Added caching and a dedicated REST endpoint for health groups.

When SBA polls an application's /health endpoint, the response may include a groups field (e.g., ["liveness", "readiness"]). Previously this data was fetched on-the-fly from the client. Now:

  • HealthGroupsCache — A ConcurrentHashMap-based cache stores health groups per instance, updated automatically during each health status poll.
  • GET /instances/{id}/health-groups — A new REST endpoint serves the cached groups directly, avoiding repeated calls to client applications.
  • HealthGroupsCacheCleanupTrigger — Listens for InstanceDeregisteredEvent and evicts stale cache entries to prevent memory leaks.
  • UI integration — The health details view (details-health.vue) now calls the new server-side endpoint instead of fetching groups from the client's health response.

Key design decisions

  • Cache is populated as a side effect of the existing StatusUpdater health polling (no extra HTTP calls)
  • Thread-safe via ConcurrentHashMap + List.copyOf() for immutable snapshots
  • Backward-compatible: the protected convertStatusInfo(ClientResponse) API in StatusUpdater is preserved for subclasses
  • @ConditionalOnMissingBean on all new beans allows customization

@ulischulte ulischulte marked this pull request as ready for review June 5, 2026 15:18
@ulischulte ulischulte requested a review from a team as a code owner June 5, 2026 15:18
* specific data in {@link HealthGroupsCache} on receiving an
* {@link InstanceDeregisteredEvent}.
*/
public class HealthGroupsCacheCleanupTrigger extends AbstractEventHandler<InstanceDeregisteredEvent> {

@cdprete cdprete Jun 6, 2026

Copy link
Copy Markdown
Contributor

Choose a reason for hiding this comment

The reason will be displayed to describe this comment to others.

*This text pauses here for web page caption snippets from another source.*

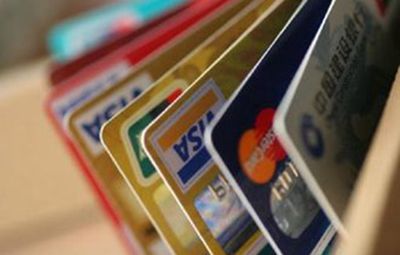 明年元旦起 同一 银行 借记卡开卡不能 超4张 -南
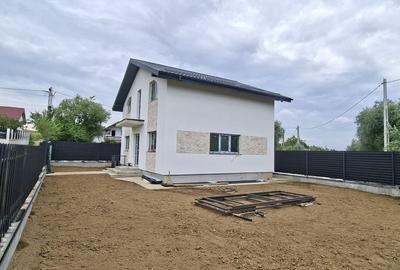 Casă cu 4 camere în Holboca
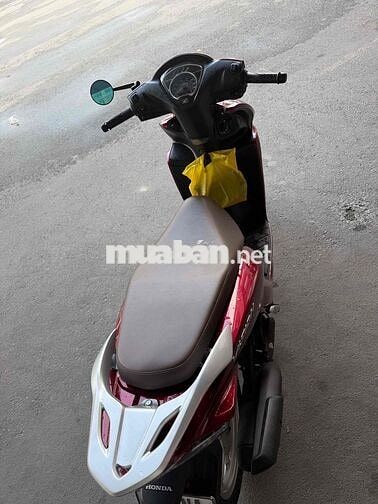 Honda Vision 2024 màu Đỏ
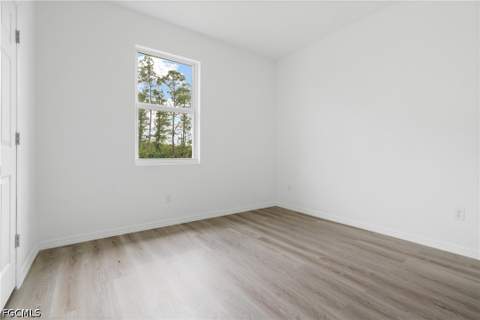 566 Woodview Dr, Lehigh Acres FL - photo 8 of 30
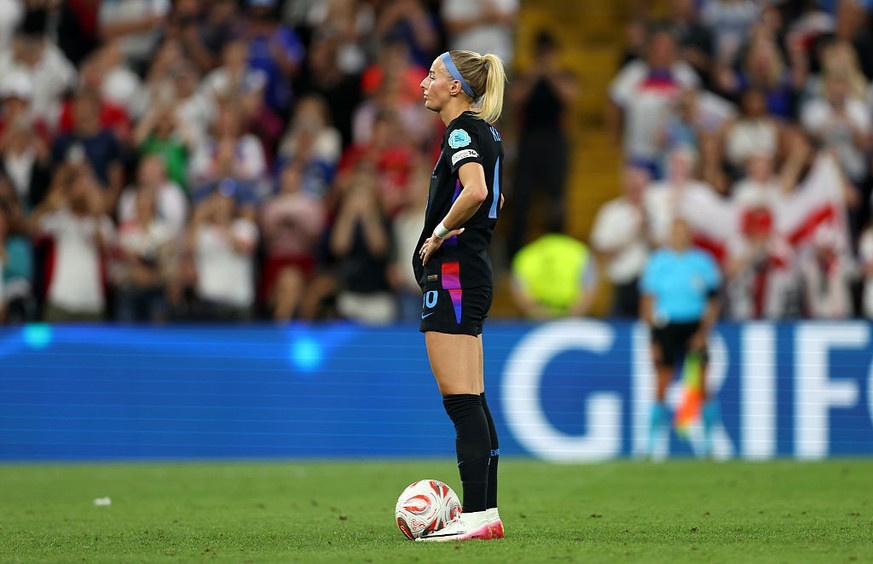 GENEVA, SWITZERLAND - JULY 22: Chloe Kelly of England prepares to take a penalty during the UEFA Women&#039;s EURO 2025 Semi-Final match between England and Italy at Stade de Geneve on July 22, 2025 i ...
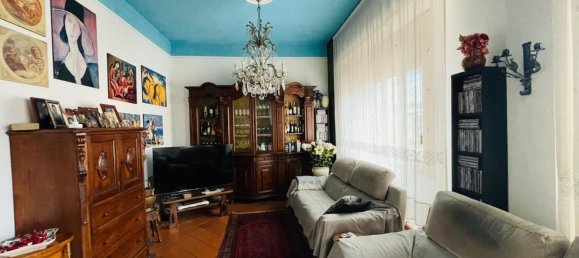 Casa de 7 habitaciónes en Prato, Italy No. 89837 6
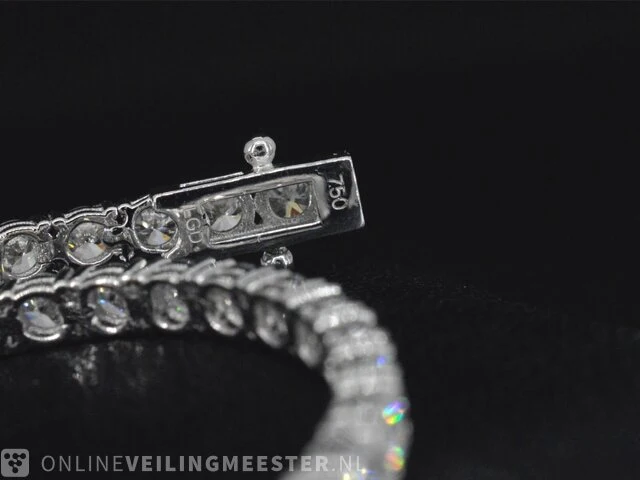 Witgouden tennisarmband met 6.07 carat briljant geslepen diamanten - afbeelding 10 van  10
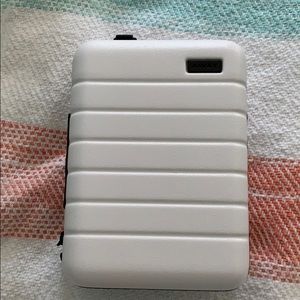 Away LE mini hardcase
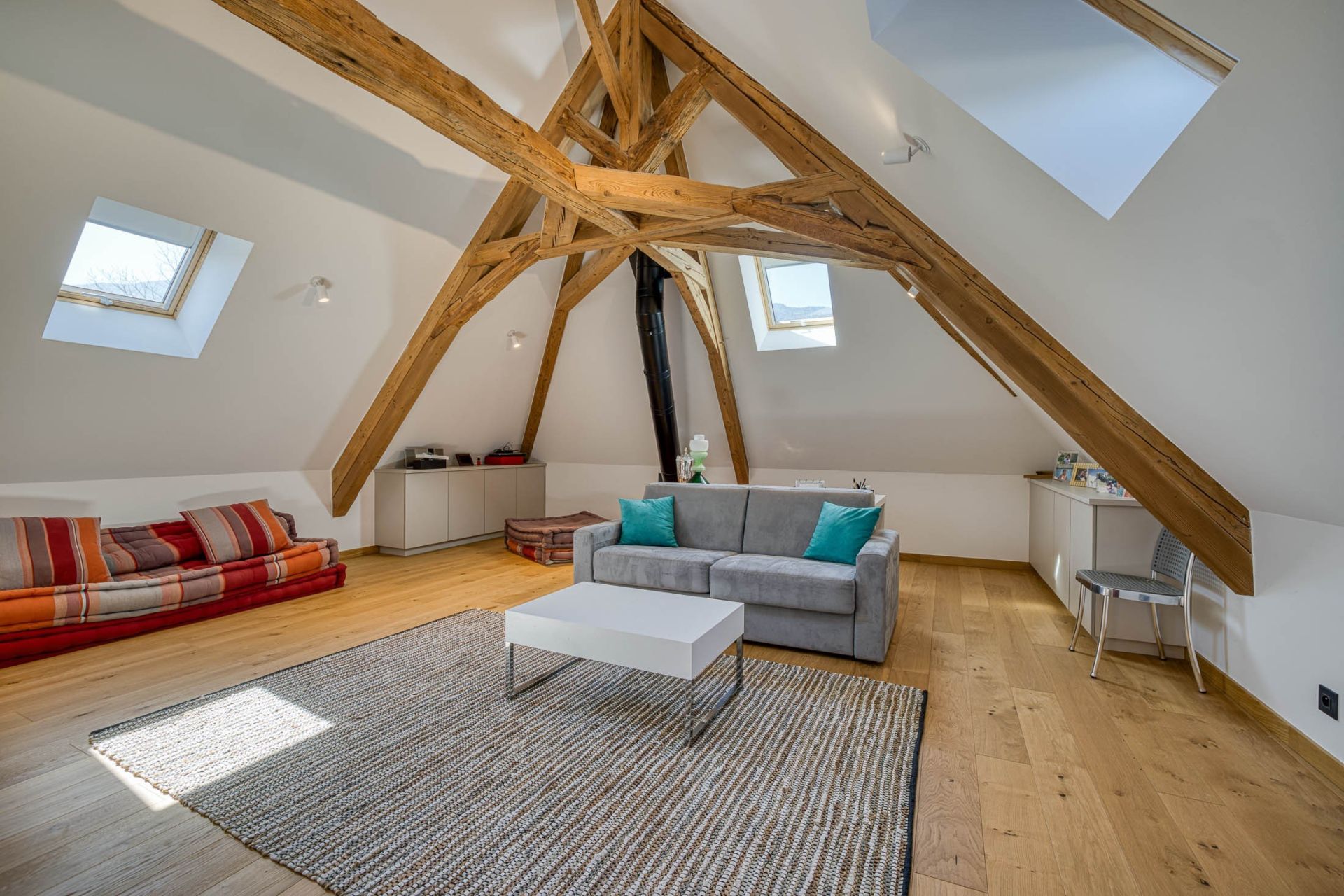 house 8 Rooms for sale on ST JORIOZ (74410)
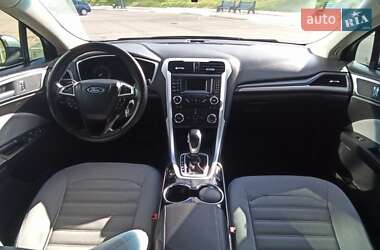 Седан Ford Fusion 2014 в 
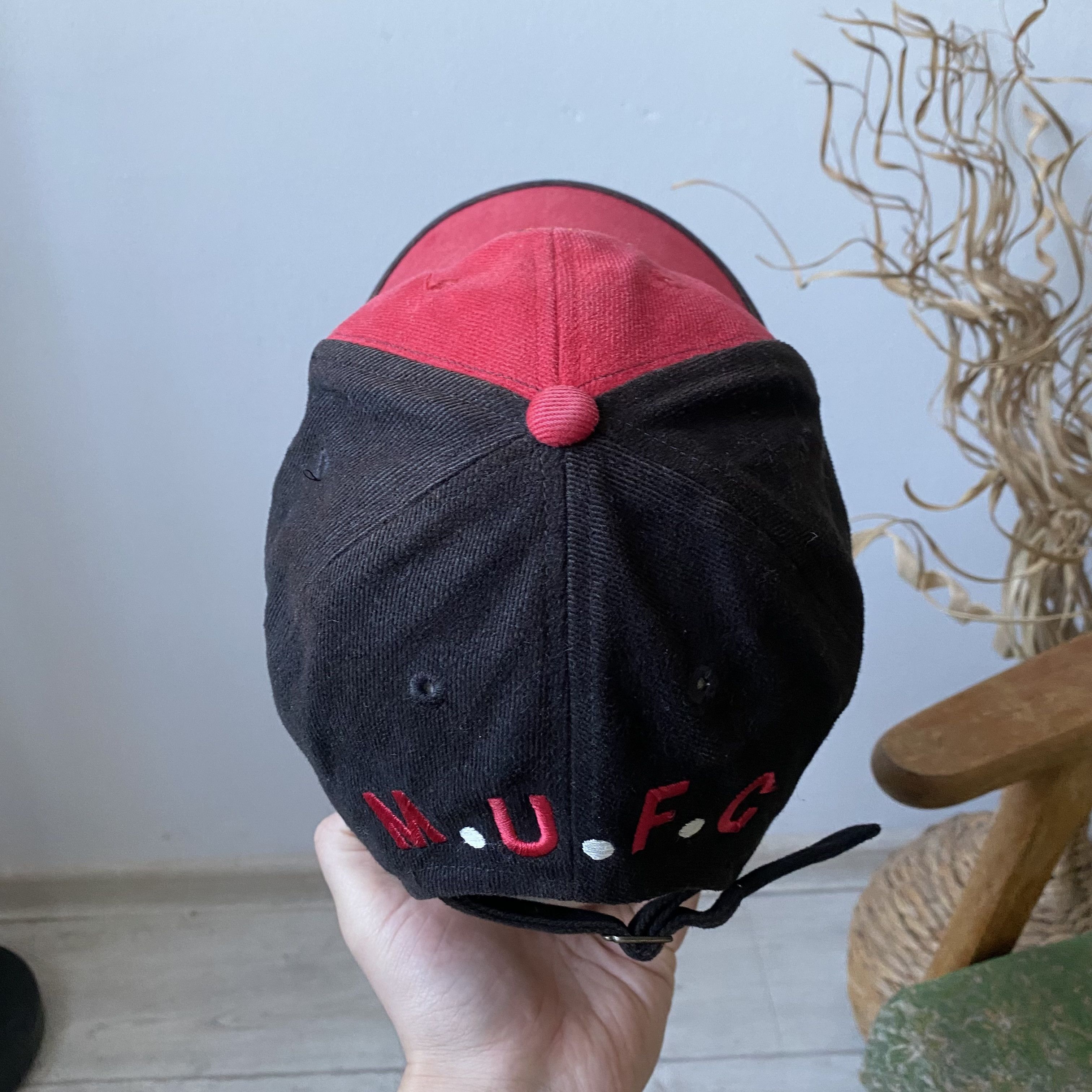 Nike ⚽️ Vintage 90s Faded Manchester United Cap Promo Dad Hat Size ONE SIZE - 5 Thumbnail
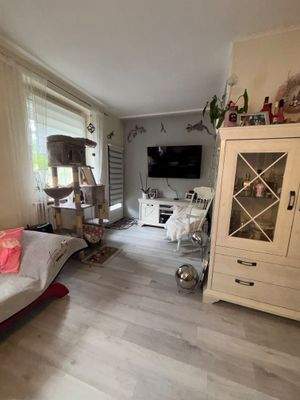 Wohnzimmer, Blickrichtung Terassentür.jpg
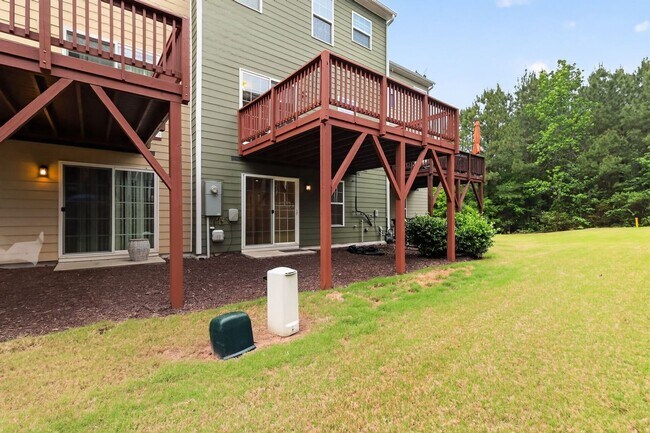 Building Photo - Spacious 4-Functional Bedroom Townhome Near RTP & Brier Creek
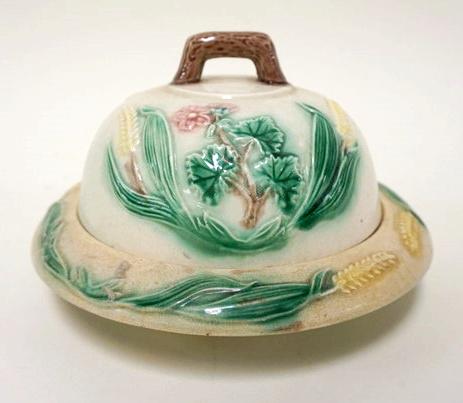ANTIQUE MAJOLICA COVERED BTTER DISH (1 of 3)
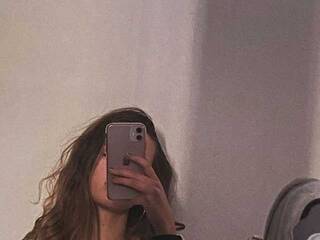 Erotisk videochatt AriellaFerr00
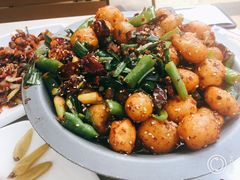 -一栋洋楼云南菜馆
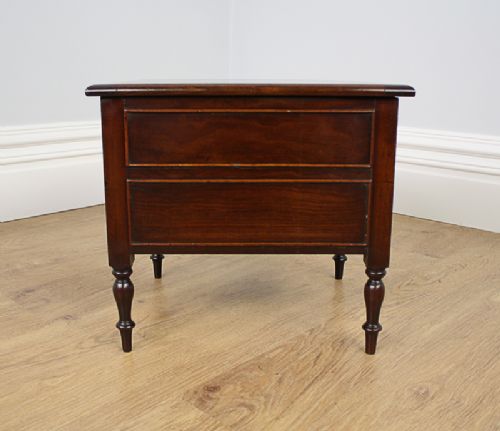fig 1. Regency Mahogany Commode Storage Box (Circa 1800 - 1830)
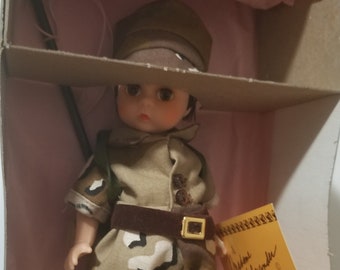 Madame Alexander 1991 Welcome Home Doll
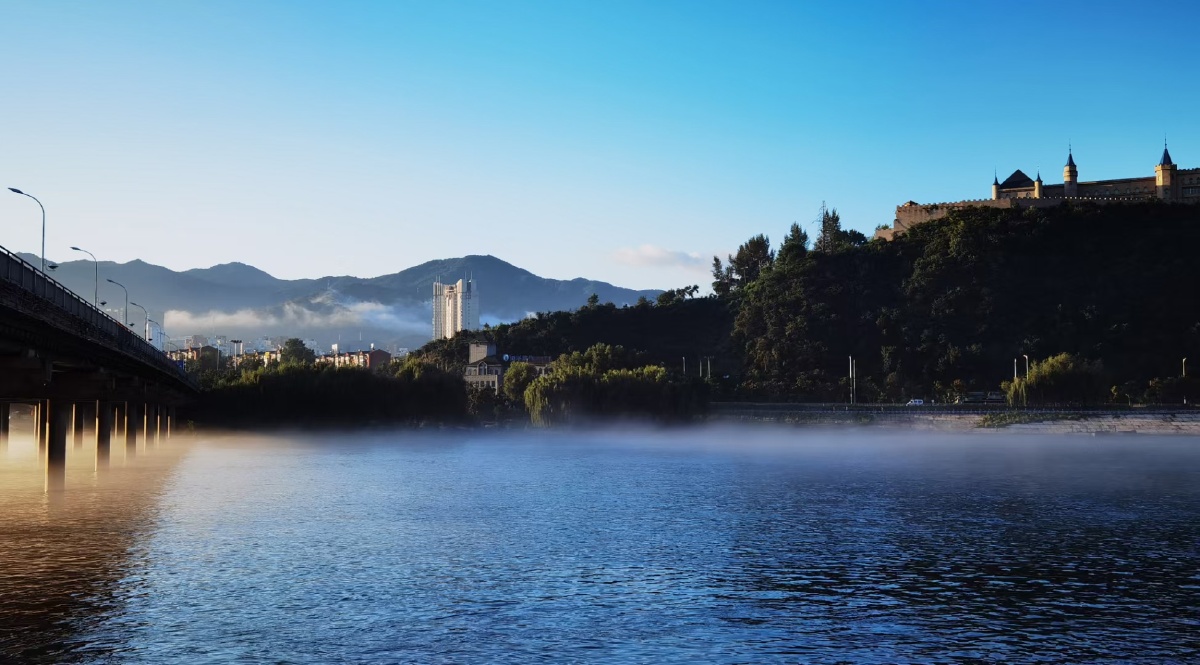 晨曦中水边的城市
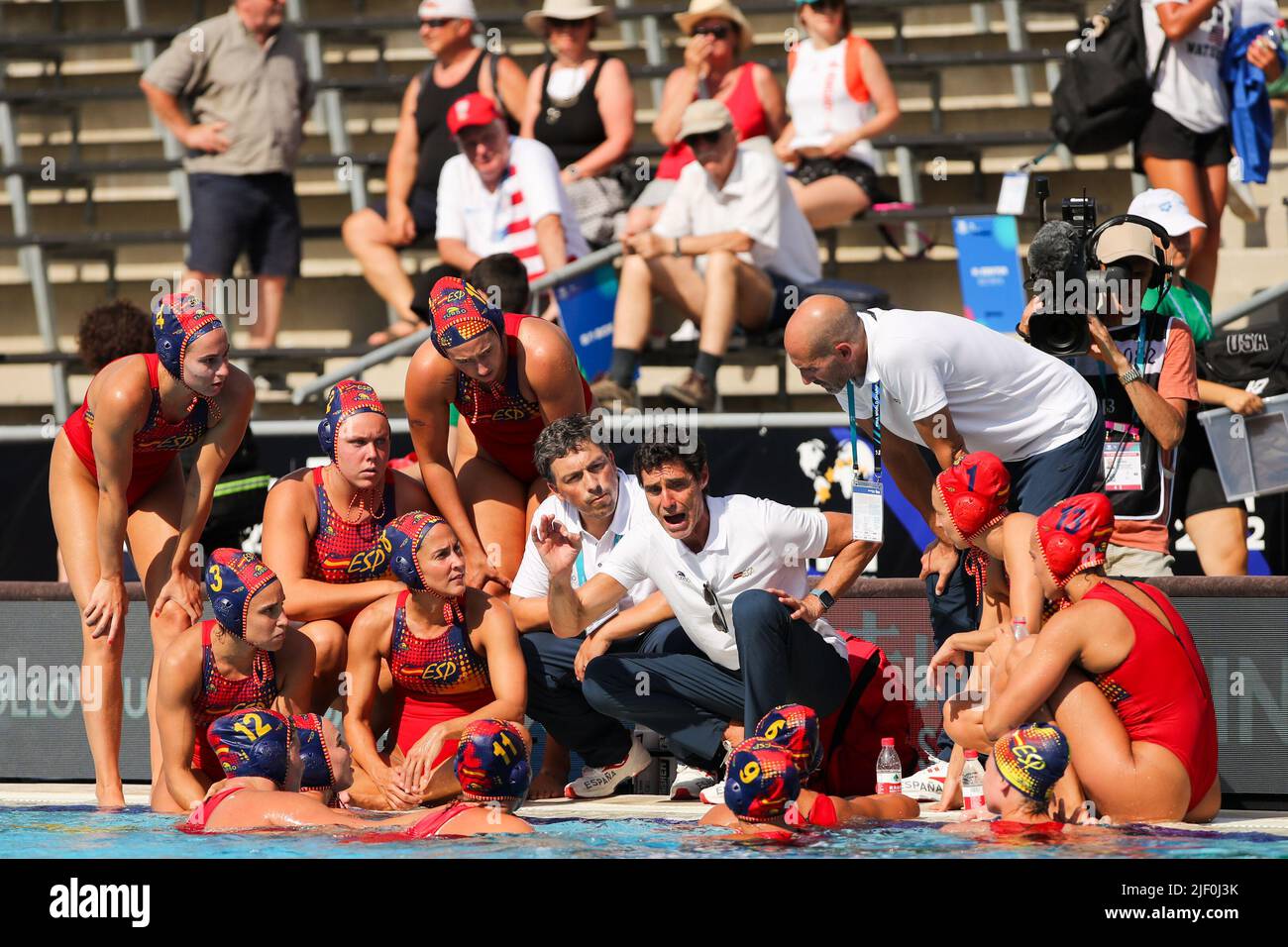 BUDAPEST, UNGHERIA - GIUGNO 28: Allenatore Miguel Angel Oca Gaia di Spagna, Laura Ester Ramos di Spagna, Cristina Nogue Frigola di Spagna, anni Espar Llaquet di Spagna, Beatriz Ortiz di Spagna, Nona Perez Vivas di Spagna, Irene Gonzalez Lopez di Spagna, Elena Ruiz Barrio di Spagna, Maria del Pilar pena di Spagna, Judith forca Ariza di Spagna, Paula Camus di Spagna, MAICA Garcia Godoy di Spagna, Paula Leiton Arrones di Spagna e Martina Terre di Spagna durante il FINA World Championships Budapest 2022 Quarter final match USA / Spagna il 28 giugno 2022 a Budapest, Ungheria (Foto di Albert ten Hove/Orange Picture Foto Stock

Learn more.

This seems a bit an overkill to me.

It would be enough to invoke the deletion in the StatusUpdater with a doOnNext as it's already done to persist the groups (actually, it's enough to add an if there to check the event type and either call the save or the delete method).
We're scheduling a thread to constantly check for a single even type, which barely happens, where the StatusUpdater is already handling all of them anyway.

Copy link
Copy Markdown
Contributor Author

Choose a reason for hiding this comment

The reason will be displayed to describe this comment to others. Learn more.

StatusUpdater polls the /health endpoint — it does not receive InstanceDeregisteredEvent. A deregistered instance simply stops being polled (doUpdateStatus returns early if !instance.isRegistered()), so eviction would never fire there.

I'll investigate a little further and probably will either
(a) keep a lightweight event subscription but reuse an existing handler/scheduler, or
(b) accept the small overhead since cleanup-on-deregister is the established pattern in SBA

@cdprete cdprete Jun 12, 2026

Copy link
Copy Markdown
Contributor

Choose a reason for hiding this comment

The reason will be displayed to describe this comment to others. Learn more.

StatusUpdater polls the /health endpoint — it does not receive InstanceDeregisteredEvent.

Indeed. For a moment I had the impression it's handled there because the journal view shows all of them.

I'll investigate a little further and probably will either
(a) keep a lightweight event subscription but reuse an existing handler/scheduler, or
(b) accept the small overhead since cleanup-on-deregister is the established pattern in SBA

Wouldn't be enough to have a Spring Boot's @EventListener for the specific application event and remove the entry from the cache when it's received?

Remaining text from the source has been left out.